Webの父、ティム・バーナーズ=リーが鳴らす警鐘
「GDPRは、GoogleをDisruptee(破壊される側)にする。彼らからデータ主権を取り戻し、そのビジネスモデルをDisrupt(破壊)するのが目的だ」
2018年5月末から6月初めにかけて、テルアビブのIT企業のイベントに招待された私は、イスラエルに出張した。そして、たまたまそこで知り合ったイギリス人とイスラエル人の3人で夕食をともにした。夕食のテーブルでは、施行直後のGDPRの話題およびIoT広告市場の話題になり、イギリス人が熱く語った。

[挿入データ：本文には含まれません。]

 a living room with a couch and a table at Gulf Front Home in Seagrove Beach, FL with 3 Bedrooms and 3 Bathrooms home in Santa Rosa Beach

「GAFAはすべて米国企業、その一角にEU企業が1社も入っていない。このままでは、EU経済が破綻する。経済の悪化によって、Brexit(英国のEU離脱)のような保護主義が台頭し、それがさらに健全な経済成長の足枷になる。だからデータ主権を取り戻し、Googleのビジネスモデルに風穴をあけ、新しいデータ経済のモデルを作るのだ」
私なりに訳すと、こんな感じだ。
「新しいデータ経済のモデルでは、既存のネット広告は通用しなくなる」と同席したイスラエル人が主張した。彼は「IoT EVOLUTION EXPO」 などで議論されている課題などについて説明してくれた。正直、私は技術者ではないので、技術的で専門的な彼の話を完全に理解できない。ただ、www(World Wide Web)を考案したティム・バーナーズ=リーの懸念に、IoT広告では対応していく(らしい)ことだけはわかった。

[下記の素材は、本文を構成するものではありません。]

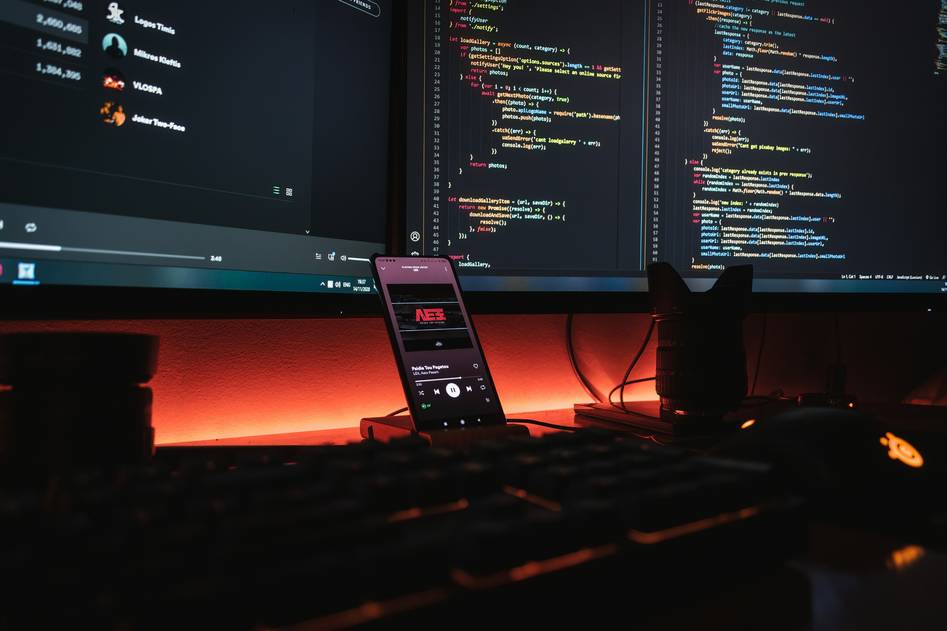 Two game developers reviewing C++ code together in a modern studio with game assets on screen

『Webの父、ティム・バーナーズ=リーがインターネットの未来に警鐘を鳴らす』(GIZMODE)の記事によれば、バーナーズ=リーは、「個人情報を管理しきれていない」ことや「誤った情報が簡単に広まってしまう」ことなど、現在のインターネットの憂慮すべき欠点に言及しつつ、GoogleやFacebookなどに対して批判的な発言をしている。
同席したイスラエル人は続けた。「だからブロックチェーン技術を使って個人データを守る会社、あるいはデータを管理する権限を個人に与えることが大事になった。IoT広告では、今のネット広告技術は使えない」と。

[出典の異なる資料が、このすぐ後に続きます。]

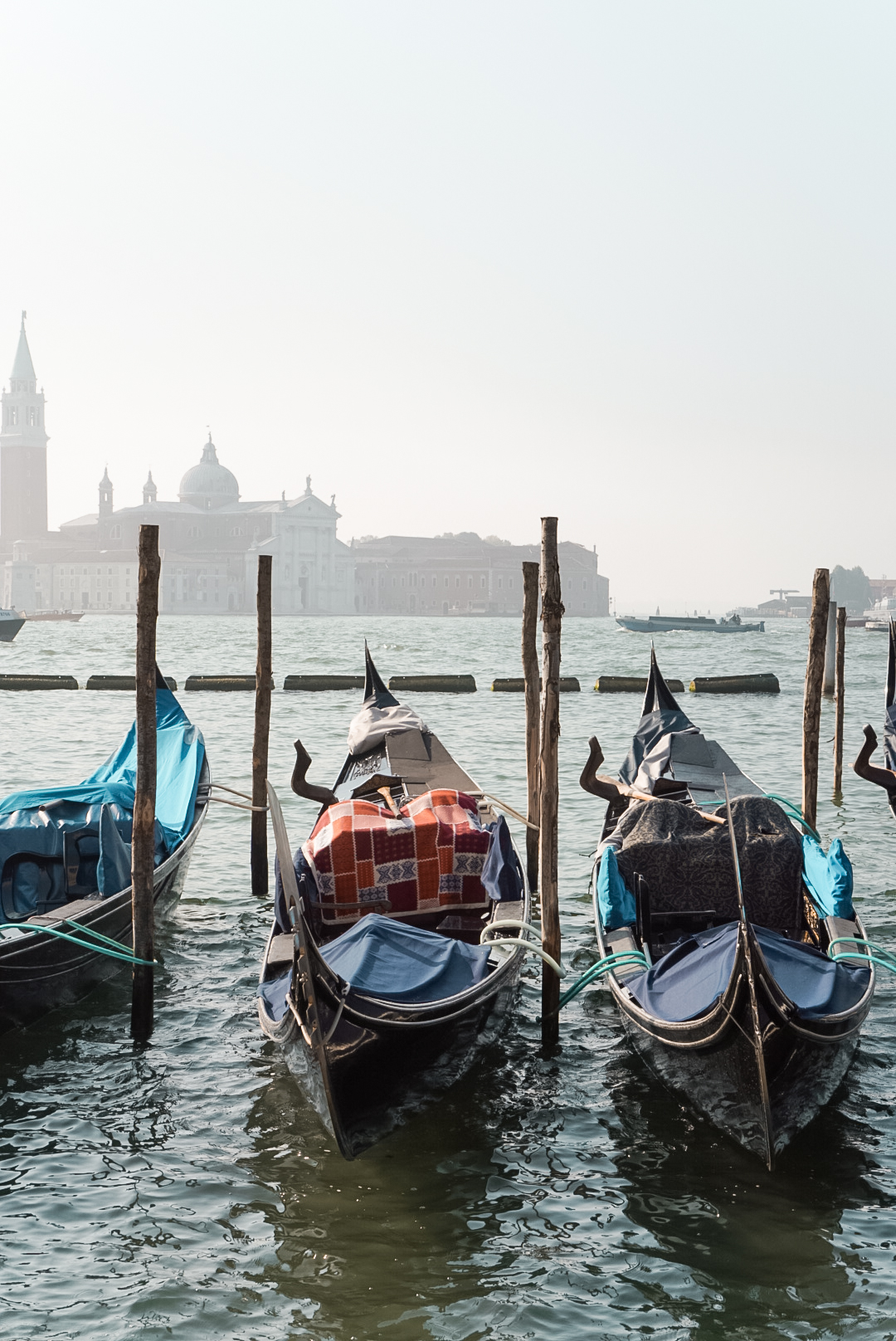 gondolas on the water in early morning light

私の定義では、ネット広告は既存のパソコンとスマホに表示される広告だ。一方IoT広告とは、パソコンとスマホ以外のIoT機器を通して提供される広告。スマート家電(スマートスピーカーやコネクテッドTVも含む)、スマートカー(コネクテッド・カー、自動運転車)、ウェアラブル機器、スマートハウス/スマートホーム、スマートシティ(コネクテッドOOHも含む)などが主戦場になると見込んでいる。
IoT広告については、IAB(Interactive Advertising Bureau)デジタルビデオ委員会の共同会長だったマイケル・ゴーフロンの記事(マイナビニュース)や、IoT広告に関する動画、日本政府のSociety5.0動画などでイメージをつかんで欲しい。